Court prepares to wrap up first week's testimony in the controversial case.
The MySpace suicide trial was expected to continue Friday in Los Angeles following two days of testimony in which a woman accused of cyberbullying her daughter's 13-year-old rival to the point of suicide was portrayed by the state as a vindictive mother and by her attorney as the victim of prosecutorial zeal.

On Thursday, an employee of defendant Lori Drew testified that Drew was involved in a plot to set up a fake MySpace page that was used to taunt Megan Meier, who hanged herself in October 2006. Drew allegedly adopted the online persona of a fictitious teenage boy who at first told Meier he had a crush on her but whose messages later turned to insults.

Drew's assistant, Ashley Grills, told the court that Drew said that fabricating an Internet account "was fine and people do it all the time," according to the Los Angeles Times. Of the scheme, Grills said Drew "thought it was funny."

Drew's lawyer painted a different picture in court Wednesday.
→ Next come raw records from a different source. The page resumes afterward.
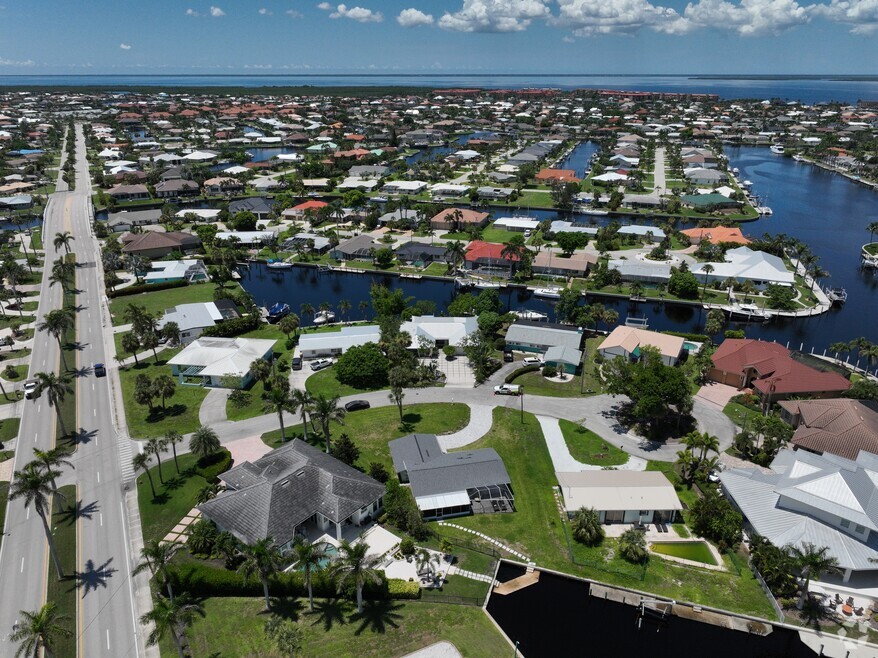 155 Donna Ct, Punta Gorda, FL 33950 - photo 2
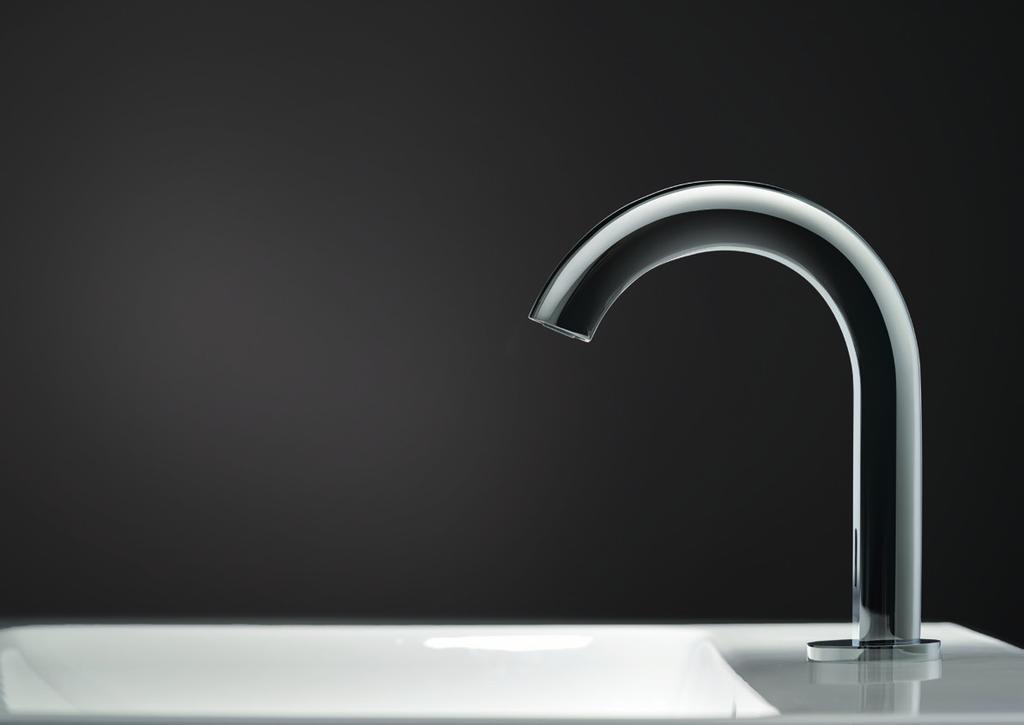 Solución La salida alta del agua proporciona más espacio para lavarse las manos, por lo que esta solución resulta más higiénica. inteligente con montaje 20 sobre encimera.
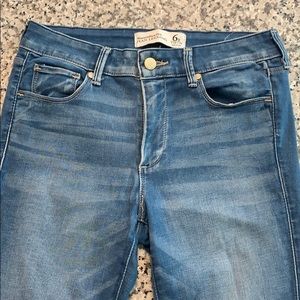 Abercrombie light wash jean legging 1 knee cutout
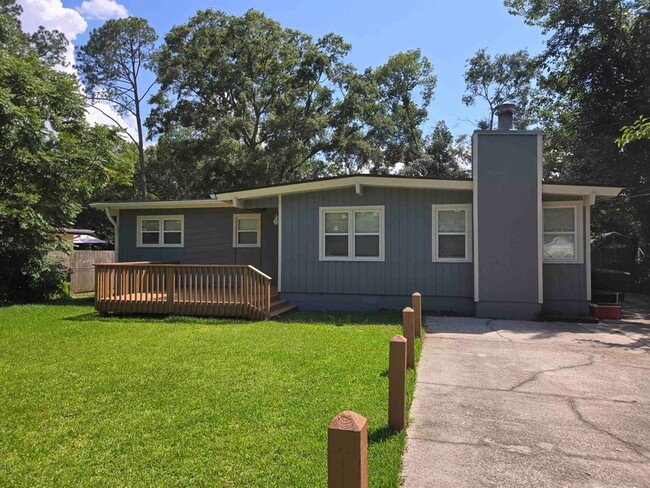 Building Photo - 1809 Tyndall Dr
H. Dean Steward told jurors that Drew did not participate in the hoax, which reportedly brought Megan Meier to tears before she killed herself.

Steward said the real culprit was Grills, who was 18 at the time and has been granted immunity in exchange for her testimony. "The message that (prosecutors) talked about was sent when Lori Drew was on the road and not at home," Steward argued, according to Reuters.

Grills has claimed that Drew helped hatch the plot to set up a fake MySpace account and pretend to be "Josh Evans," a new 16-year-old boy in town with a crush on Meier. She said that she, Drew, Drew's daughter, and others sent messages to Meier. The hoax reportedly began as a way to catch Meier spreading rumors about Drew's daughter, so a group of teens could confront Meier.

Drew is the only person to be charged in the case. The judge told jurors that the suicide could be presented as evidence but stressed that Drew is not on trial for Meier's death. Rather, prosecutors charged her with computer fraud and abuse. They said she violated the terms and conditions of MySpace and set up the fake account to inflict emotional pain on Meier.

If convicted on all charges of conspiracy and accessing protected computers without authorization, Drew faces up to five years in prison for each of four counts.

Grills admitted Thursday that she eventually sent Meier a message from "Josh Evans" saying the world would be better off without her in an attempt to end the hoax. Meier hanged herself shortly after receiving that message. Her mother found her and she died the next day. Prosecutors said Wednesday that Grills told Drew about the last message before sending it, according to Reuters.

The victim's mother also testified this week. Tina Meier said in court, and in public appearances, that Drew was aware that her daughter had battled depression and bullying and took antidepressants.

The unprecedented trial is taking place in Los Angeles because that's where the MySpace computer servers are located.